Swords and Deviltry
- First edition
- Author: Fritz Leiber
- Cover artist: Jeff Jones
- Language: English
- Series: Fafhrd and the Gray Mouser series
- Genre: Fantasy
- Publisher: Ace Books
- Publication date: 1970
- Publication place: United States
- Media type: Print (Paperback)
- Pages: 254 p.
- Followed by: Swords Against Death

= Swords and Deviltry =

Short story collection by Fritz Leiber

Swords and Deviltry is a fantasy short story collection, first published 1970, by American writer Fritz Leiber, featuring his sword and sorcery heroes Fafhrd and the Gray Mouser. It is chronologically the first volume of the complete seven volume edition of the collected stories devoted to the characters. The book was first published in paperback form during 1970 by Ace Books company, which reprinted the title numerous times through November 1985; later paperback editions were issued by ibooks (2003) and Dark Horse (2006). It has been published in the United Kingdom by New English Library (1971), Mayflower Books (1979) and Grafton (1986, 1988). The first hardcover edition was issued by Gregg Press during December 1977. The book has also been gathered together with others in the series into various omnibus editions; The Three of Swords (1989), Ill Met in Lankhmar (1995), The First Book of Lankhmar (2001), and Lankhmar (2008).
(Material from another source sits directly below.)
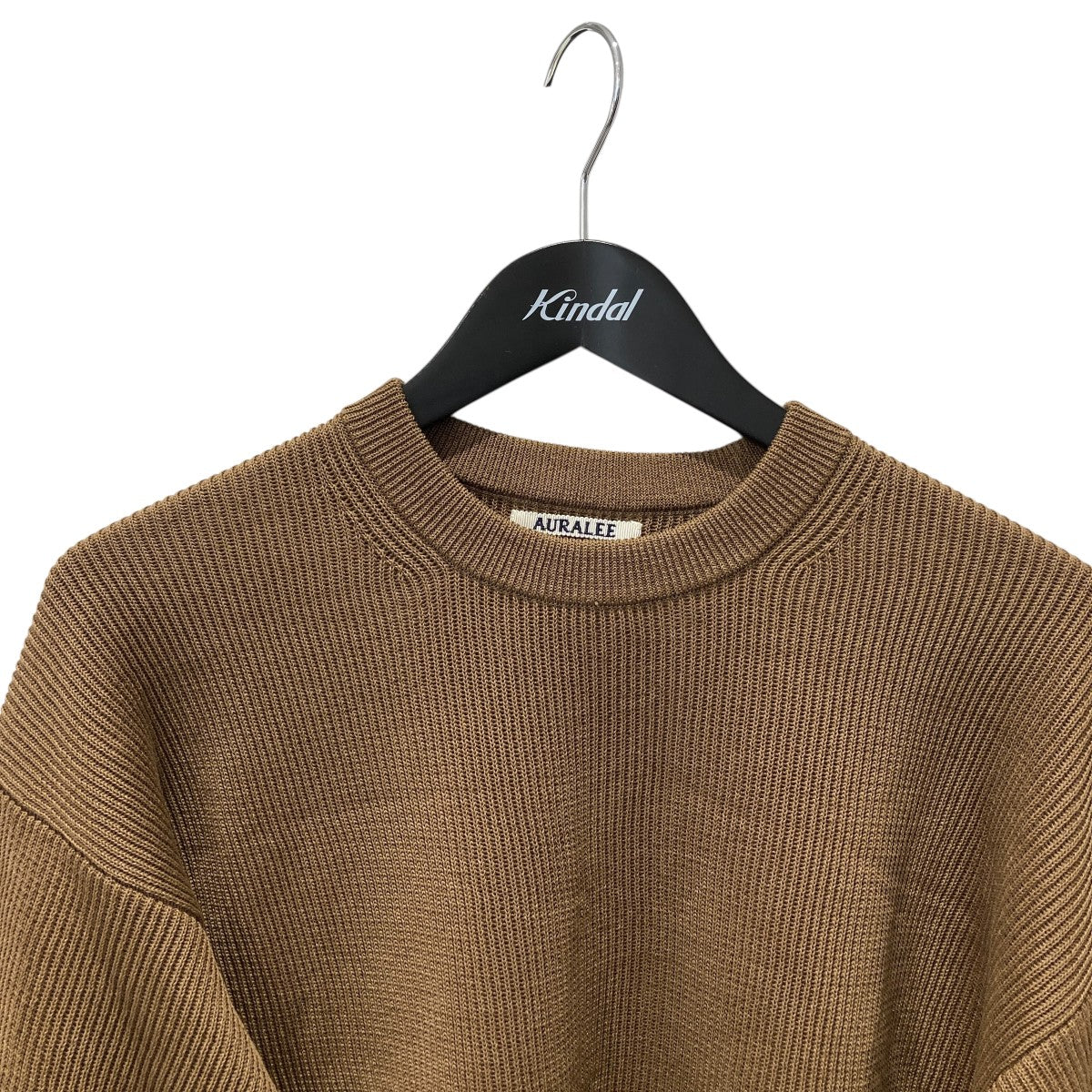 AURALEE 26SSFLAT YARN RIB KNIT P OニットA26SP01SY 古着・中古-3枚目のアイテム画像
The book collects three short stories originally published in the magazines Fantastic for April 1970, Fantastic Stories of Imagination for October 1962, and The Magazine of Fantasy and Science Fiction for April 1970, together with an "Induction" that originally appeared in the 1957 Fafhrd and Gray Mouser collection Two Sought Adventure (later expanded, minus the induction, as Swords Against Death (1970).

==Contents==
- "Induction" (1957)
- "The Snow Women" (1970)
- "The Unholy Grail" (1962)
- "Ill Met in Lankhmar" (1970)

==Plot==
The Fafhrd and Gray Mouser stories concern the lives of two larcenous but likable rogues as they adventure across the fantasy world of Nehwon. The stories in Swords and Deviltry introduce the duo and their relationship ("Induction"), present incidents from their early lives in which they meet their first lady-loves (Fafhrd in "The Snow Women", the Gray Mouser in "The Unholy Grail"), and relate how afterwards in the city of Lankhmar the two met and allied themselves with each other, and lost their first loves through their defiance of the local Thieves' Guild ("Ill Met in Lankhmar").

==Awards==
"Ill Met in Lankhmar" won the 1970 Nebula Award and the 1971 Hugo Award for best novella. "The Unholy Grail" was nominated for the 1963 Hugo Award for Short Fiction.

==Sequel==
Robin Wayne Bailey later wrote an authorized sequel to this book, Swords Against the Shadowland (1998).